В это же время я случайно обнаружила, что мой муж втайне делает весьма существенные вложения только ради собстивенной выгоды, беря из тех денег, что лежали на нашем общем счете; вложения полностью покрывались моими доходами. Когда я потребовала отчет обо всем этом – не беспокоясь о деньгах, а поинтересовавшись причиной, – он только приказал мне помалкивать, сказав, что все это плод моего воображения и все финансовые дела касаются лишь его одного. Поскольку у меня тогда было множество иных проблем, я попыталась – и до некоторой степени не без успеха – не обращать внимания на столь странное поведение мужа. Однако мое доверие к нему было почти подорвано. Все, что мне тогда было так необходимо, – это кто-нибудь, способный помочь мне понять мое положение.

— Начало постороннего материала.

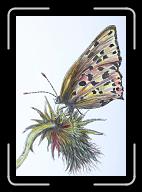 Papillon_006 * 2453 x 3566 * (1.96MB)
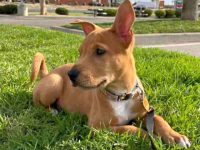 柴犬斗牛犬混血多少钱一只?(柴犬斗牛犬杂交的寿命有多长)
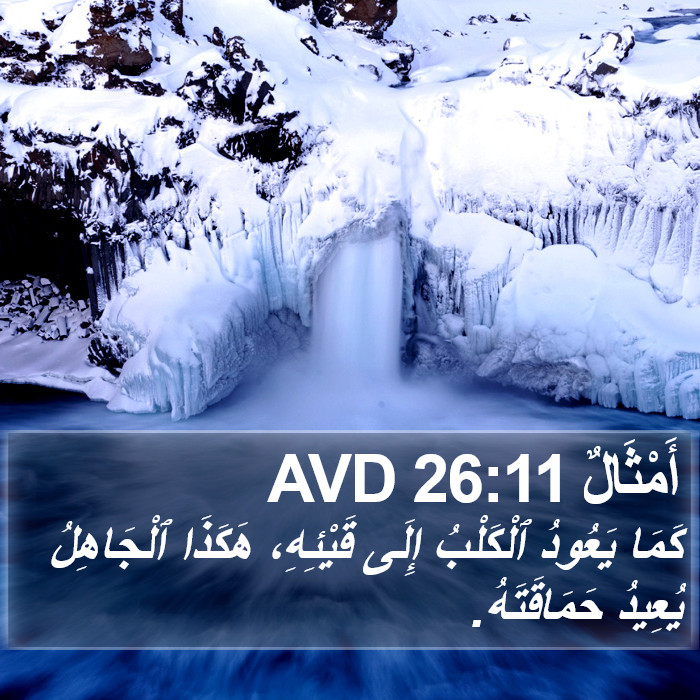 أَمْثَالٌ 26:11 AVD Bible Study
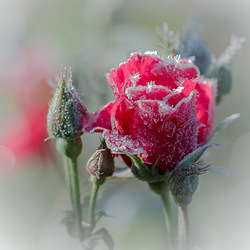 Jigsaw puzzle: Frosty tenderness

Ну вот, теперь возвращаюсь на борт «Кристины». Когда в тот вечер я вышла на палубу, то увидела Аристо: он стоял и вглядывался в ночное море. Пальцем он указал на какой-то остров вдали, думаю, это была Митилена. Несколько минут нам очень нравилось стоять и молчать вместе. Потом – кажется, первой заговорила я, – мы оба принялись философствовать о жизни вообще. Хотя он получил от жизни все что хотел, – а это был очень трудолюбивый человек и невероятно решительный, – ему казалось, что от него ускользнуло нечто жизненно важное. В душе он был моряком.

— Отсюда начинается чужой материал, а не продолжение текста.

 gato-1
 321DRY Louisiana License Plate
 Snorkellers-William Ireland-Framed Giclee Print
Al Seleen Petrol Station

Я слушала его и находила в его рассказах много схожего с моей жизнью. Уже на рассвете вернулась я в свою каюту. Уверена – именно в тот вечер началась наша настоящая дружба. Вдруг мое отчаяние и ужасная раздражительность, свойственная мне уже несколько месяцев, почти развеялись как дым. Мне ни малейшего удовольствия не доставляли ссоры с театрами, они только огорчали меня и лишали иллюзий, ибо их вполне можно было избежать. Даже будь я спокойней и действуй я не исходя из капризов – Баттиста мог бы разруливать эти ситуации с большей дипломатичностью. Это было начало конца нашего брака, а причиной был не Онассис и не вопрос денег.
Что делать, если не можешь доверять собственной матери или мужу? Я относилась к нему [Менегини] как к своей защитной ширме – охране от передряг внешнего мира… И он так и поступал поначалу, до тех пор, пока моя слава не ударила ему в голову. Баттисту интересовали только деньги и социальное положение. Он действительно создавал мне множество проблем… проблем, которые сам он решить не мог… Он не был тонким психологом, ему не хватало дипломатичности. И вот наконец его методы неожиданно раскрылись передо мной, и мне же пришлось расплачиваться за последствия.

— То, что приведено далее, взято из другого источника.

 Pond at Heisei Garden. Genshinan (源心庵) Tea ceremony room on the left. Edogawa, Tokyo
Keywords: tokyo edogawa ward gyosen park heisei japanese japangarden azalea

Когда я сказала мужу на борту «Кристины», что обрела в Онассисе большого и духовно близкого друга, он в ответ не проронил ни слова, хотя я почувствовала, что он просто в ярости; не столько в отношении меня самой, сколько от самой мысли, что у меня появилась духовная поддержка, которой уже так давно недоставало в моей жизни. Происшедшее далее подчеркивает это.
Аристо поддержал меня, и я была уверена, что наконец нашла мужчину, которому могла довериться, который дал бы мне добрый, беспристрастный совет. Вспомните, я ведь уже почти утратила доверие к мужу; кто же будет чувстсовать себя счастливым, если его пусть даже и любят, и ценят, но только за возможные «капитальные вложения». Мне стало невыносимо продолжать так и дальше. С другой стороны, мне была необходима защита истинного друга – и, должна повторить снова, не любовника.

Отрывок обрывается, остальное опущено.